Os dias em que vivemos poderão ter muitos problemas, serem tempos de coisas descartáveis, em que a imagem muitas vezes se sobrepõe à distância, em que o que foi feito ontem já não interessa hoje. No entanto, existem excepções em algumas facções da cultura humana, muitas delas no nosso amado som. A noite de segunda-feira serviu para convencer quem ainda tinha dúvidas deste facto. E como tal, o R.C.A. deu as boas vindas à terceira vez que a banda norte-americana esteve no nosso país, como um entusiasta fã na plateia corrigiu Ben Ward, quando este se dirigiu ao público dizendo que era a primeira vez que estavam no nosso país.

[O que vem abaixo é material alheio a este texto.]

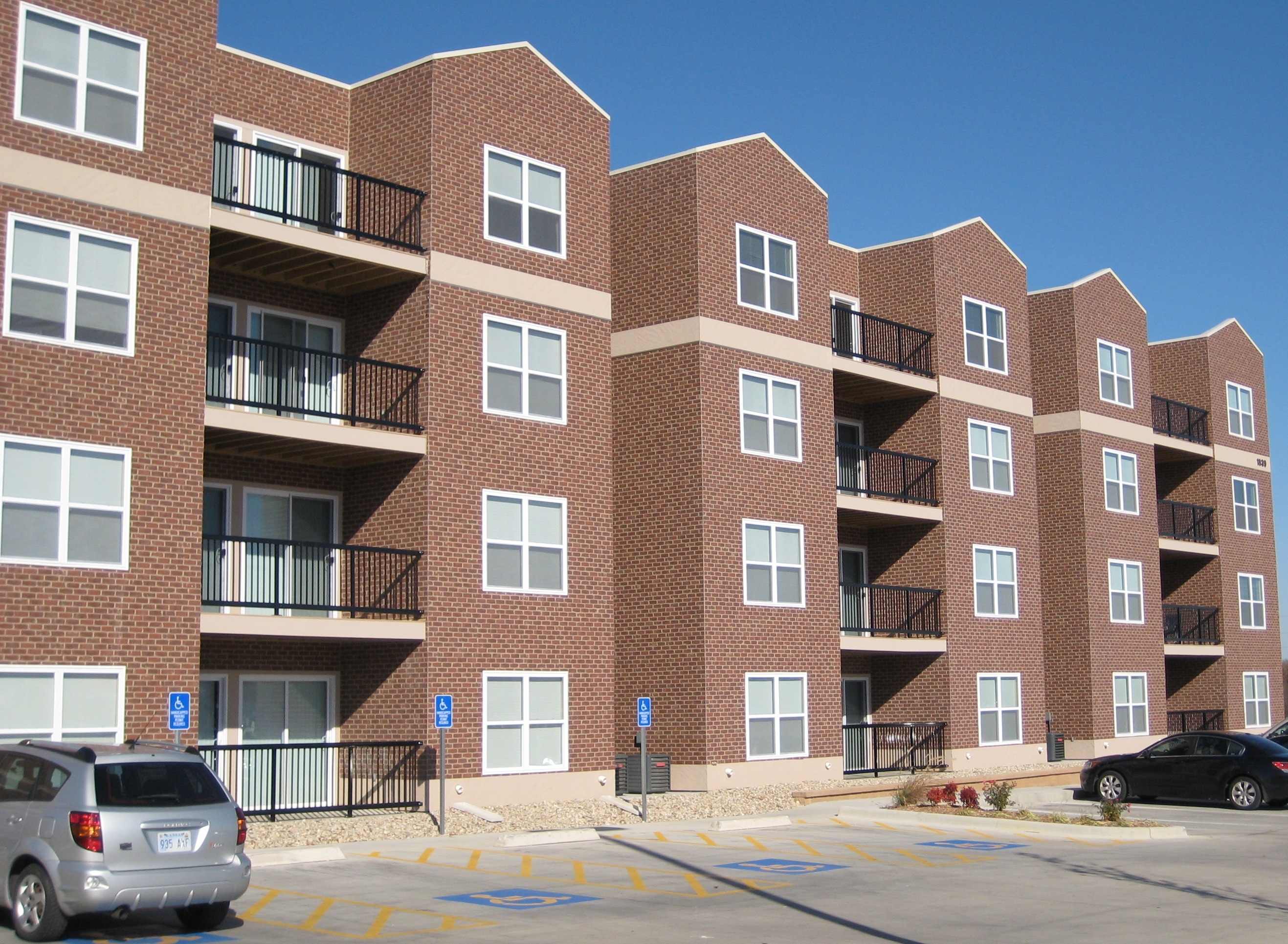 Parking lot view of student housing with brick exterior and large parking area.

A memória do vocalista logo recuperou, corrigindo que era a primeira vez que estavam em Lisboa, já que da última vez estiveram em Cascais, mas ambos esqueceram a passagem pelo Milhões em Festa no ano passado - provavelmente pela dificuldade dos norte-americanos saberem onde acaba Espanha e onde começa exatamente Portugal e neste caso, em qual dos dois fica Barcelos.

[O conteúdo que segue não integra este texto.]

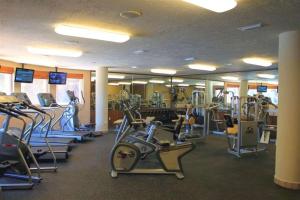 un gimnasio con filas de cintas de correr y máquinas elípticas en Clarion Suites Roatan at Pineapple Villas, en First Bight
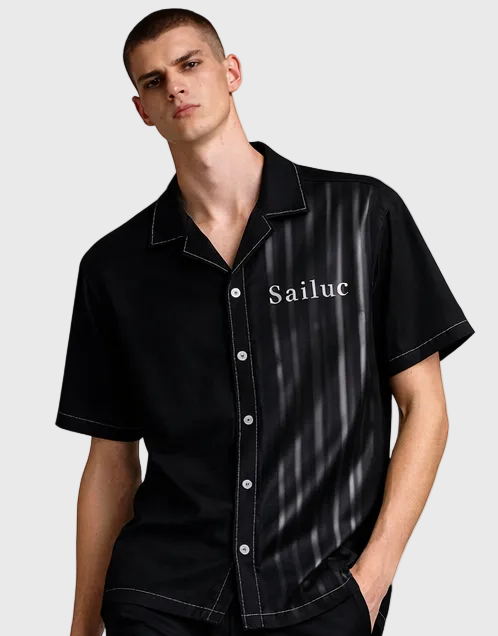Man wearing a black Hawaiian  with Sailuc branding on a gray background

A banda foi inundada de aplausos assim que entrou em palco e não perdeu muito tempo, dando início a uma actuação cheia de feeling e a beirar a perfeição. Com uma carreira já quase com vinte anos e oito álbuns de originais, a banda apoiou a sua actuação no recente “Back From The Abyss”, dedicando-lhe o espaço de cinco músicas, enquanto o resto do alinhamento focou apenas mais quatro álbuns, deixando de fora trabalhos como “Frequencies From Planet Ten”, “Time Travelling Blues e “Coup De Grace”. Não se pode dizer que tenham existido diferenças na recepção dos temas entre os novos e os já estabelecidos, o que também evidencia a qualidade do trabalho “Back From The Abyss”. O som esteve poderoso e perceptível e a banda perfeita na sua interacção com o público, recebendo toda a energia que vinha da plateia e devolvendo-a em forma sonora, tendo como resultado quase uma hora de heavy metal ou heavy doom ou stoner metal, o que lhe queiram chamar. O público presente gostou e está pronto para uma terceira vinda.

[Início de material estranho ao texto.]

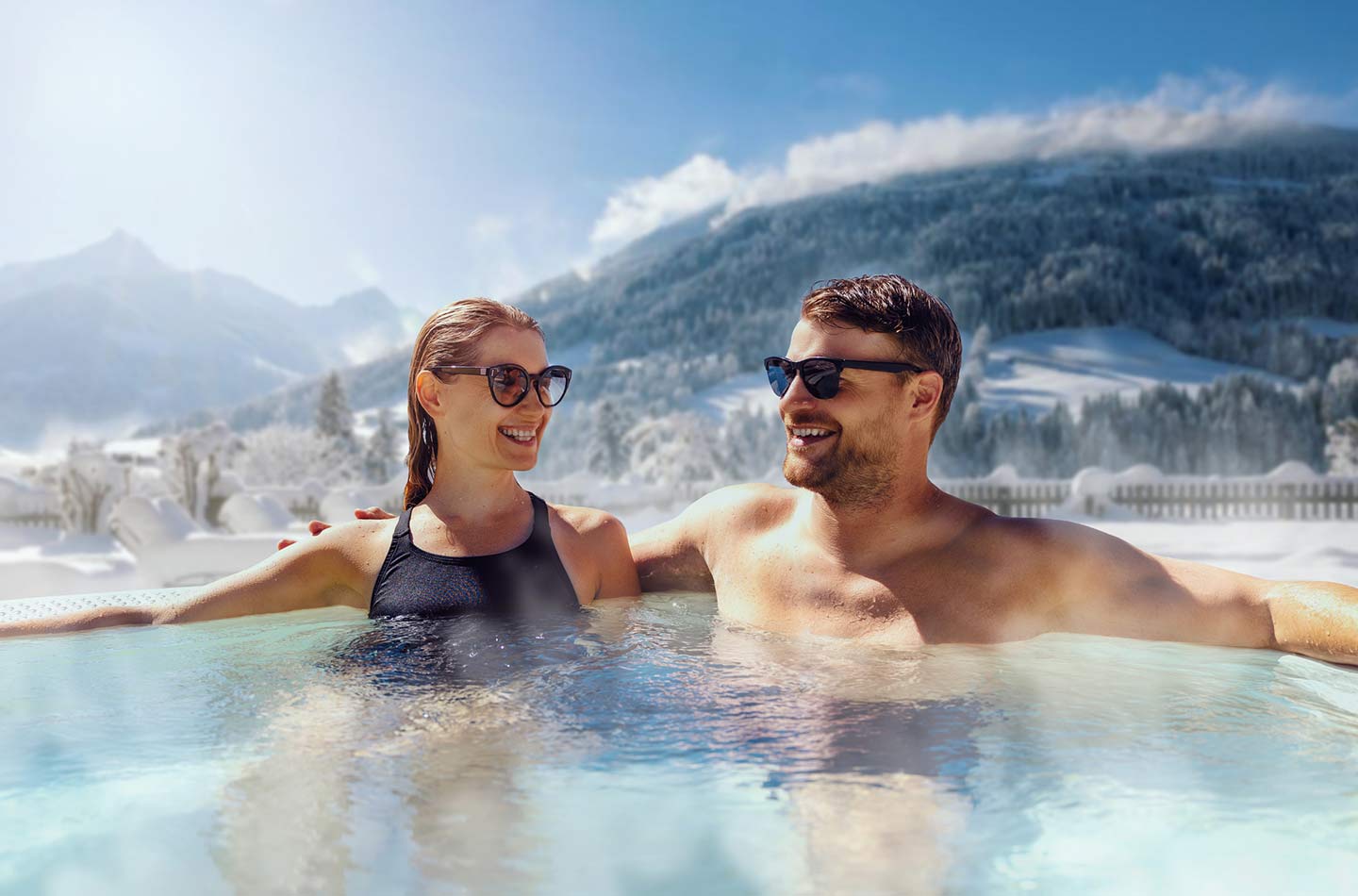 Paar im Whirlpool im Winter mit Bergen im Hintergrund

Com um aquecimento de luxo, estava na hora dar as boas vindas aos Saint Vitus, banda clássica do doom tradicional que depois de terem cessado funções nos anos noventa, tornaram-se numa banda de culto e que os levaram a voltar à actividade já neste milénio, lançando à dois anos o álbum “Lillie:F-65” que teve direito a ser representado aqui por duas vezes com dois dos seus melhores temas, “Blessed Night” e “Let Them Fall”. Da sua discografia, só mesmo os álbuns “C.O.D.” e “Die Healing” ficaram de fora, trabalhos algo menosprezados na sua discografia e que recentemente tivemos oportunidade de revisitar nestas nossas vossas páginas.


A primeira coisa que tem que ser dita, não sendo um ponto totalmente positivo, é em relação ao som. A bateria estava com um som estupidamente alto, abafando quase por completo o som da guitarra, principalmente no momento dos solos. Apenas o baixo sobrevivia, já que os pratos da bateria ocupavam o espectro dos agudos enquanto o baixo encarregou-se dos graves, ficando a guitarra com o único espaço disponível.  De qualquer forma, esse pormenor não conseguiu apagar a forma como a banda vibrou e fez vibrar o público do R.C.A., principalmente tocando na íntegra, o álbum “Born Too Late” de trás para a frente (a ordem das músicas, isto é) que foi recebido de forma entusiasta. Aliás, toda a prestação da clássica banda americana foi recebida de forma entusiasta, mesmo tratando-se de música que não é propriamente agitada, nem imediata, não impedindo isso que quase toda a multidão abanasse a cabeça de forma hipnótica, uma visão admirável de se ter.


Os tempos que vivemos são realmente diferentes, não tão românticos como aqueles em que as grandes obras, os grandes discos, foram imaginados e produzidos, no entanto, são os tempos actuais que nos permitem reconhecer e conseguir recuperar o que não é de agora, que permitem que existam tours como a desta dos Saint Vitus que além de comemorar os trinta e cinco anos da sua carreira, celebram um estilo de música que não é possível ouvir nas rádios e que o mundo insiste em não reconhecer. Como a música “Born Too Late” canta “I know I don't belong /  And there's nothing I can do / I was born too late / And I'll never be like you” e é exactamente esse o sentimento que o público e a banda sentiu em uníssono. Nascemos todos tarde demais, mas no tempo certo para assistir a momentos como o que foi vivido na noite de segunda-feira.